── Material supplied ──
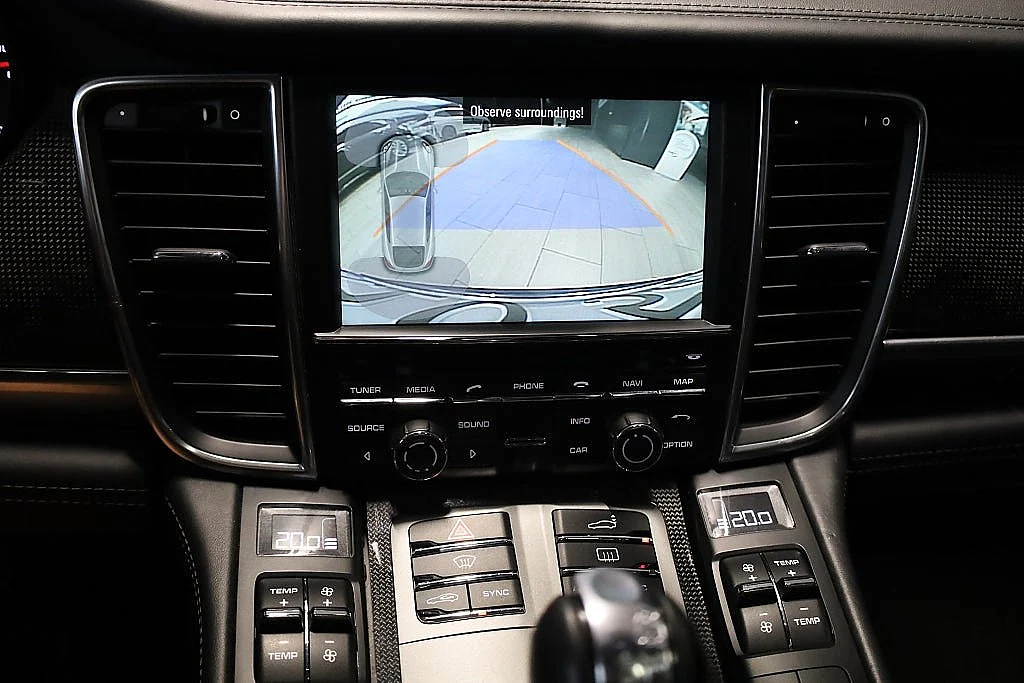 Bild von 2014 Porsche Panamera (14)
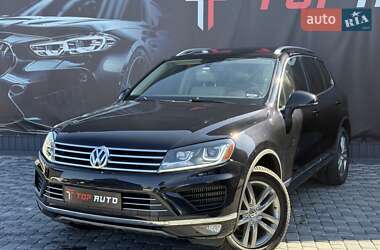 Позашляховик / Кросовер Volkswagen Touareg 2016 в Львові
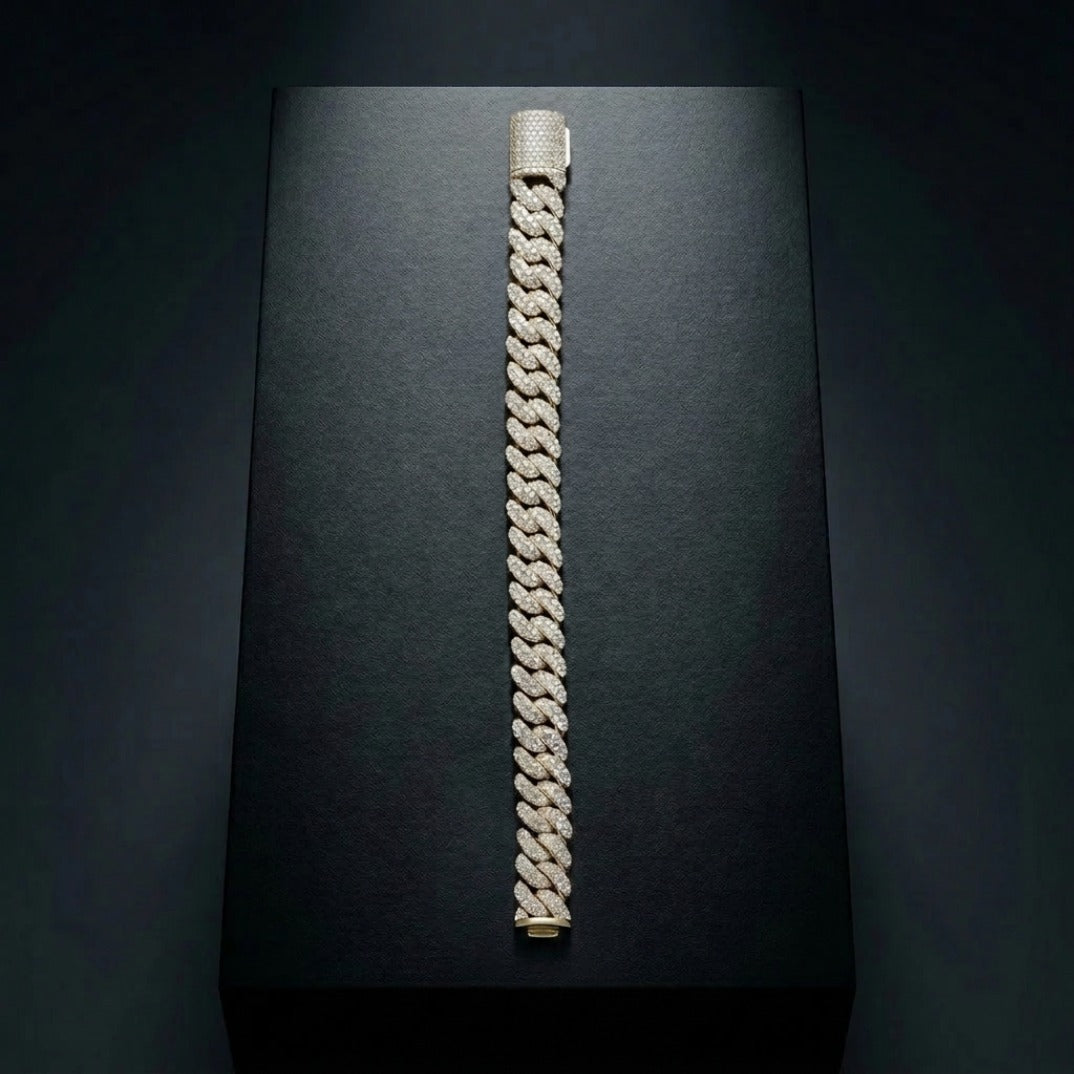 The iced Miami Cuban Link Bracelet in Sterling Silver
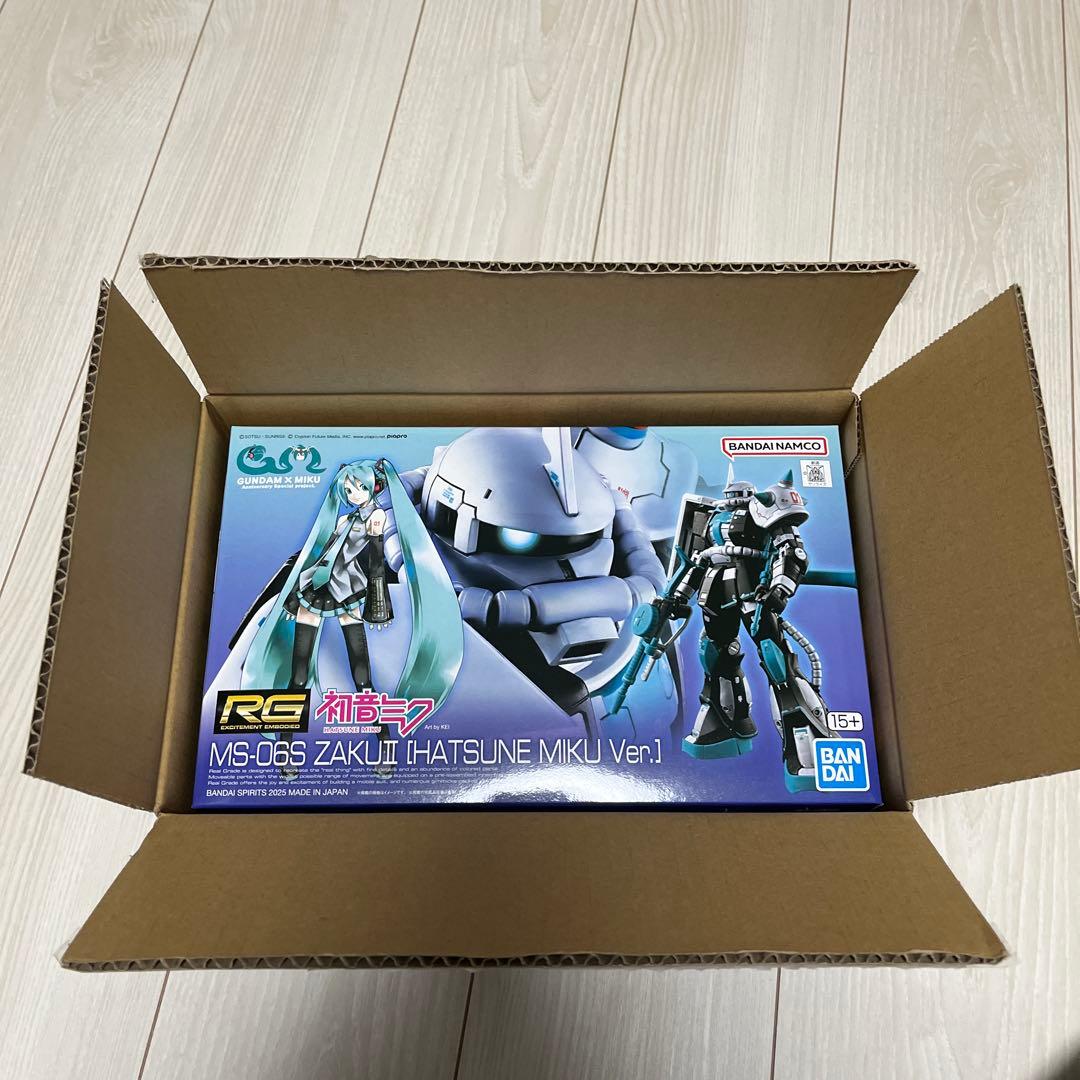 ガンプラRG 1/144 MS-06S ザクII 初音ミクVer.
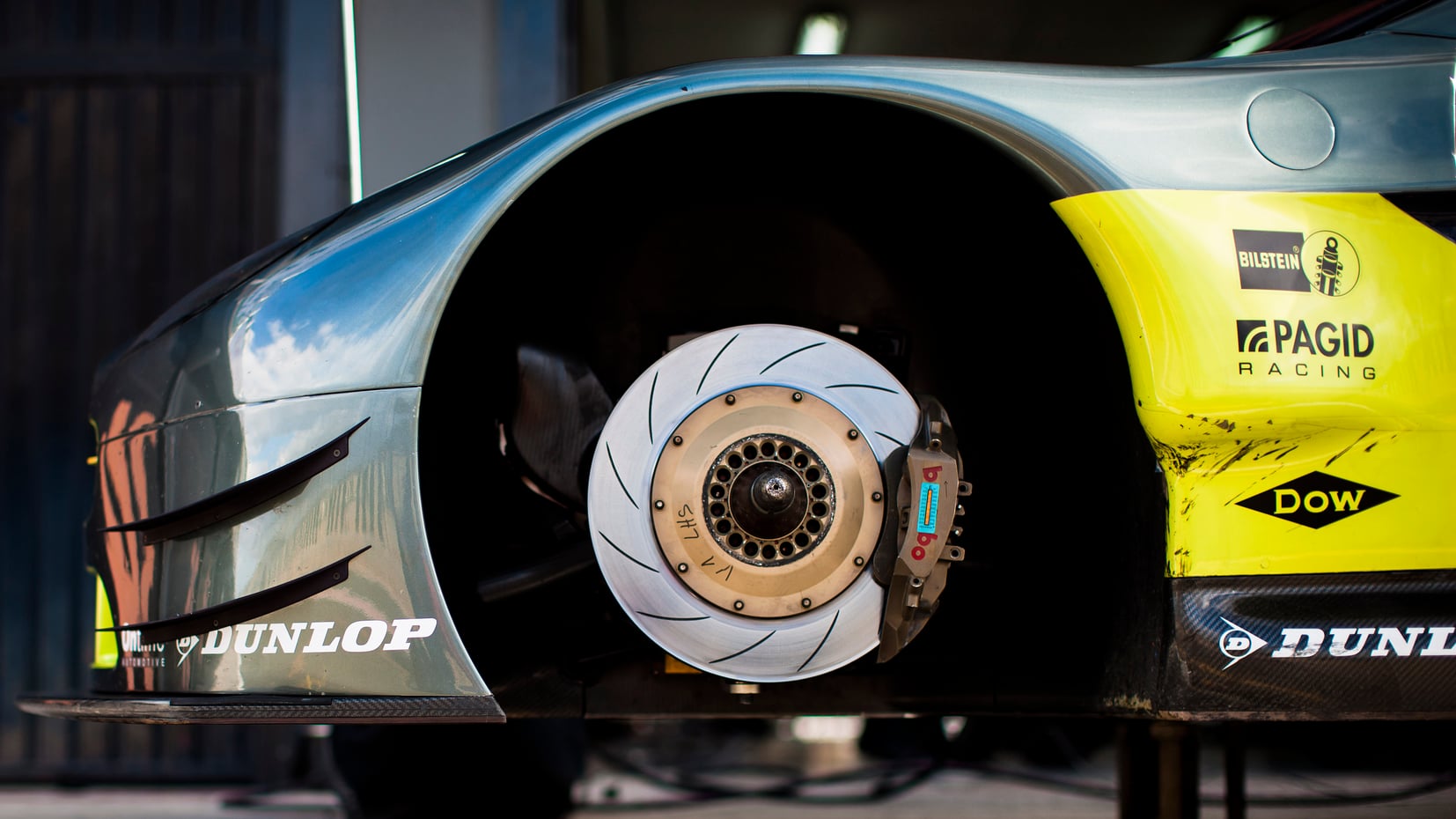 Gte Racing Garage What's it like to drive an Aston Martin GTE racer? | Top Gear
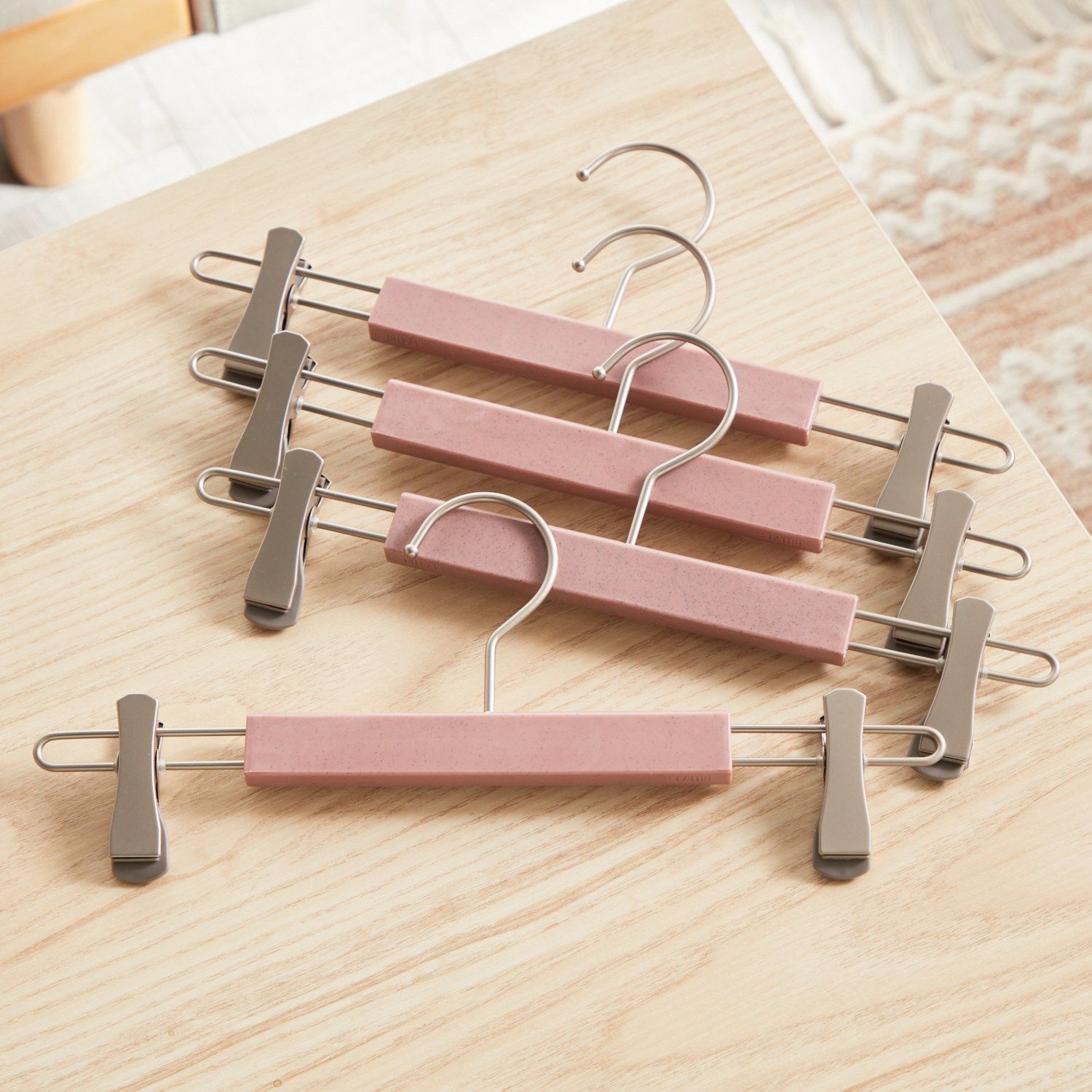 【新品未使用】Balmy Hanger バルミーハンガー 特許取得クリップ ずり落ちづらく 幅広い種類のボトムスに グリップクリップハンガー 4本セット ピンク【参考価格￥4，120-】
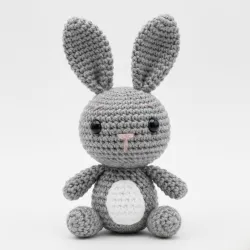 Lapin au crochet utilisant les yeux de sécurité noirs Trimits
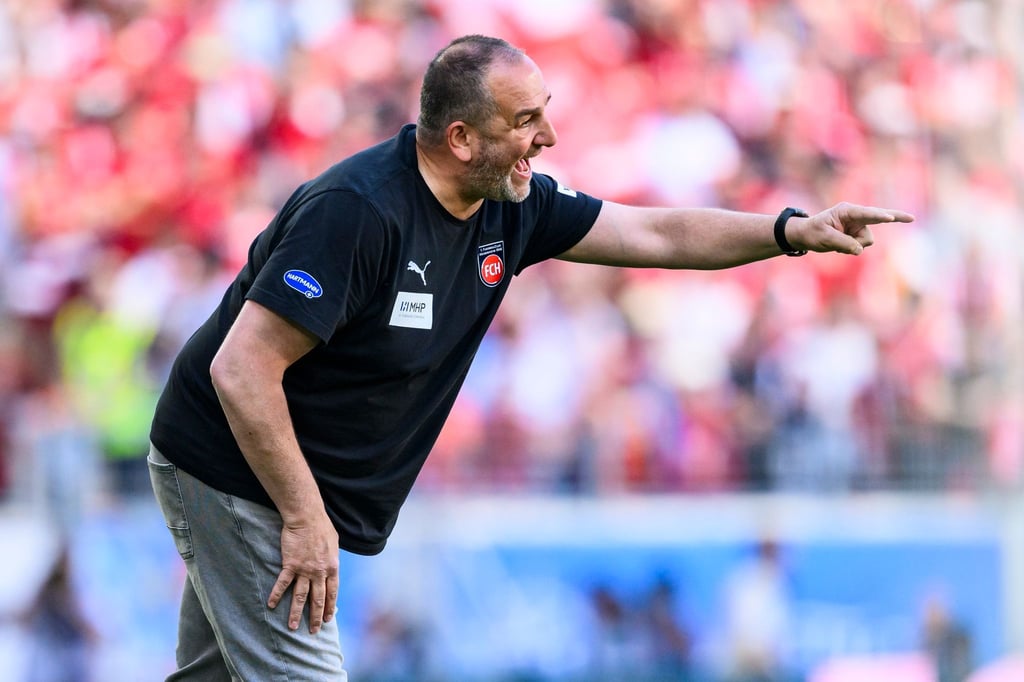 Trainer Frank Schmidt fehlt im letzten Heimspiel der ersten Heidenheimer Bundesliga-Saison.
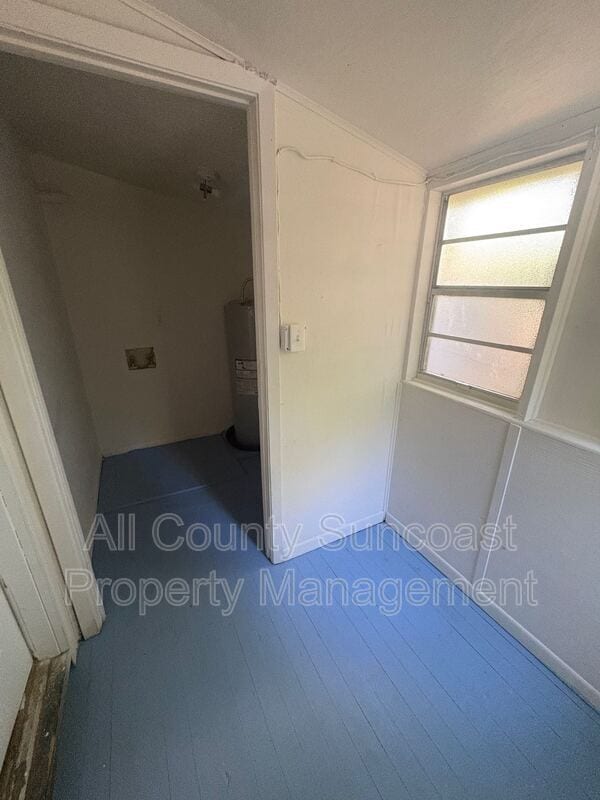 Building Photo - 2134 Saxon St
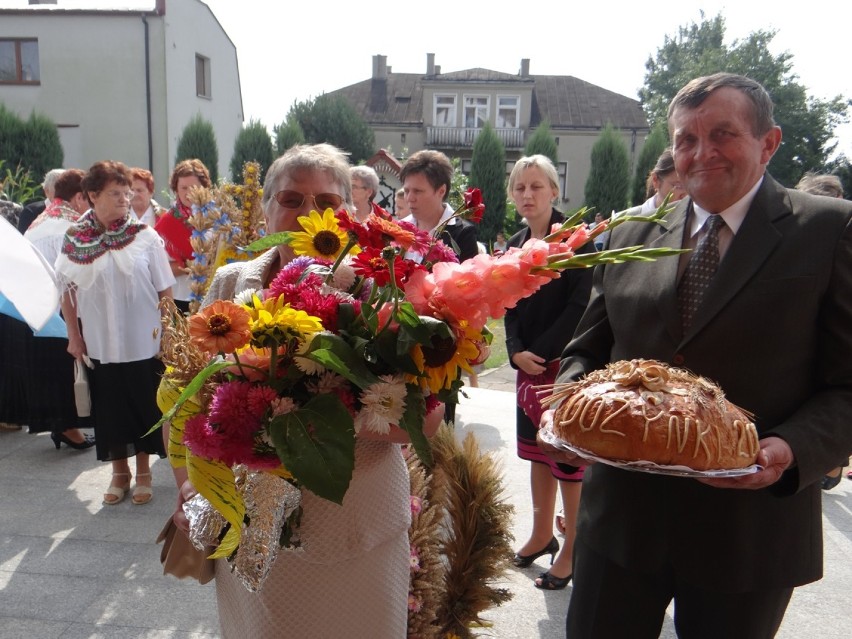 Parafialne dożynki w Stobiecku Miejskim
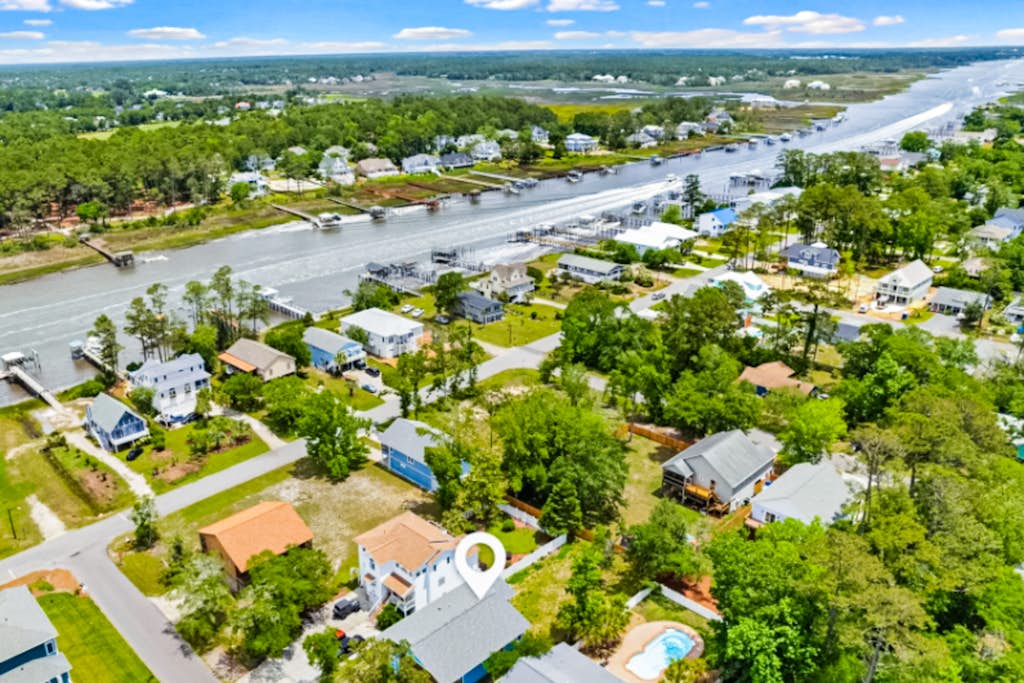 Salty Swan: Dog-friendly near beach & Intracoastal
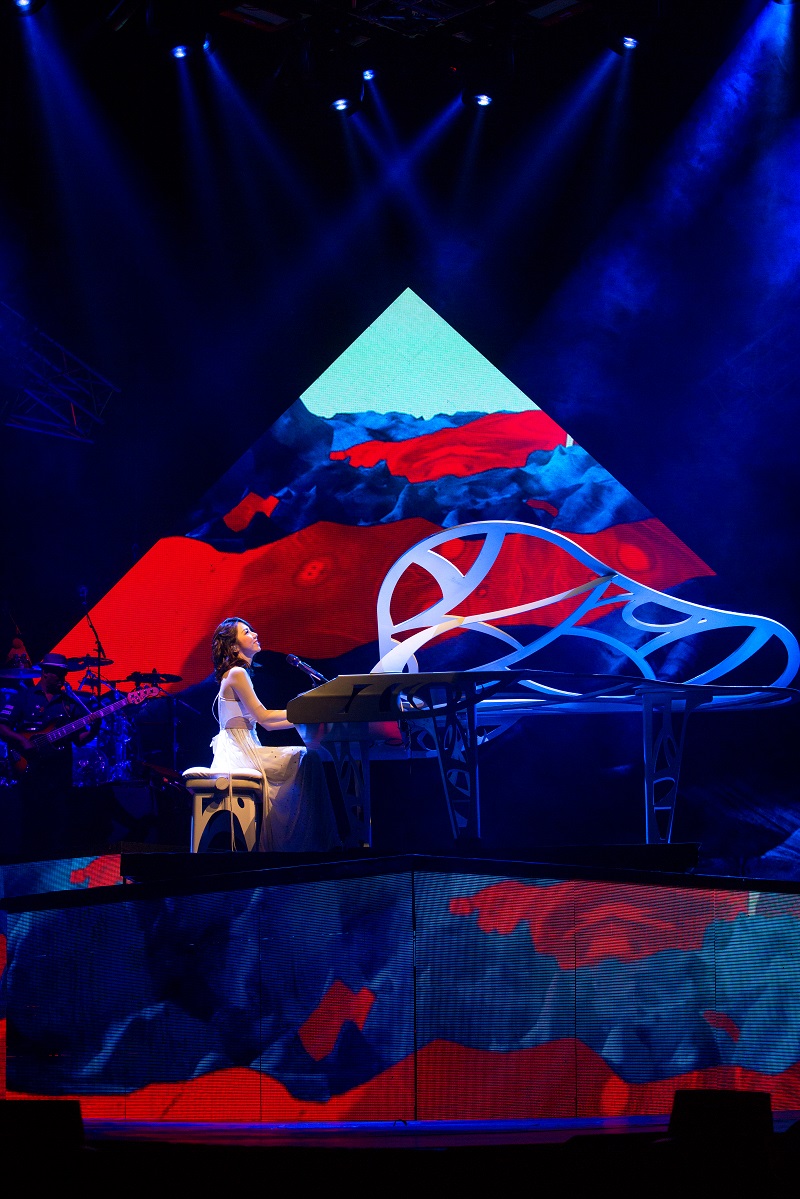 G.E.M.於《G.E.M.鄧紫棋“Queen of Hearts”世界巡迴演唱會 – 澳門站》演奏鋼琴、結他及鼓，展現出眾的音樂才華。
───
» Action item:
Would you give the records again exactly, dropping the pictures?

» Response:
 Bild von 2014 Porsche Panamera (14)
 Позашляховик / Кросовер Volkswagen Touareg 2016 в Львові
 The iced Miami Cuban Link Bracelet in Sterling Silver
 ガンプラRG 1/144 MS-06S ザクII 初音ミクVer.
 Gte Racing Garage What's it like to drive an Aston Martin GTE racer? | Top Gear
 【新品未使用】Balmy Hanger バルミーハンガー 特許取得クリップ ずり落ちづらく 幅広い種類のボトムスに グリップクリップハンガー 4本セット ピンク【参考価格￥4，120-】
 Lapin au crochet utilisant les yeux de sécurité noirs Trimits
 Trainer Frank Schmidt fehlt im letzten Heimspiel der ersten Heidenheimer Bundesliga-Saison.
 Building Photo - 2134 Saxon St
 Parafialne dożynki w Stobiecku Miejskim
 Salty Swan: Dog-friendly near beach & Intracoastal
 G.E.M.於《G.E.M.鄧紫棋“Queen of Hearts”世界巡迴演唱會 – 澳門站》演奏鋼琴、結他及鼓，展現出眾的音樂才華。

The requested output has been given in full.